Poder e religião eram, portanto, vistos de forma drástica, imediatista e cruel, e havia quem pensasse diferente de Cristo. Judas e João Batista, dois de seus discípulos, imaginavam que somente um braço forte e disposto à guerra poderia ser capaz de derrotar os males que já se impunham nas condutas das pessoas. A enorme plebe, contudo, só queria saber dos milagres que Ele poderia fazer para abrir as portas do Paraíso terrestre a quem o seguisse.
Sintam: “A salvação não poderá vir ao mundo através do amor, da alegria, do perdão?”, indaga Cristo. “Como se pode eliminar a falsidade, a infâmia e a injustiça deste mundo sem erradicar os mentirosos, os injustos e os perversos?”, responde João Batista, em belo e conflitante diálogo entre ambos. (pág. 258)

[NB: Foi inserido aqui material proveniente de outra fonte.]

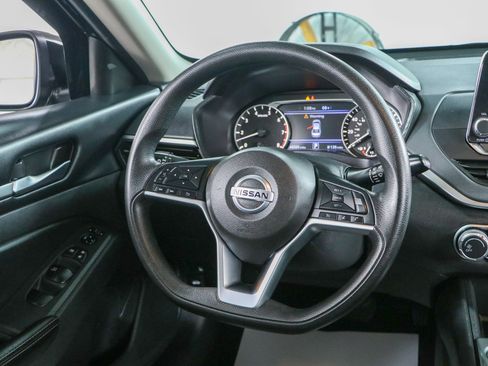 Used 2022 Nissan Altima 2.5 SV FWD image 12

Já entre os capítulos e páginas finais (456 a 509), a criatividade de Kazantzakis atinge o ápice, ao retratar, em nome do título, a essência da última tentação que ocorrera a Cristo logo após a ser crucificado, ou seja, a vida comum, com mulheres, trabalho e filhos.
São momentos célebres e que, de fato, consagram esse romance repleto de personagens marcantes, mensagens e diálogos os mais profundos. Destaque especial merece a troca de palavras entre Cristo e Paulo, Cristo e Judas.
Livres da defesa intransigente de doutrinas rigorosas e convictos de que à literatura cabe a criação de enredos também envoltos nas incertezas e angústias que assaltam o homem em quaisquer momentos, só nos caberá admirar o talento de Nikos Kazantzakis.
Nada melhor do que a vida de Cristo para dar fluidos à imaginação e às necessárias reflexões de cada um de nós diante de tudo que a vida nos proporciona.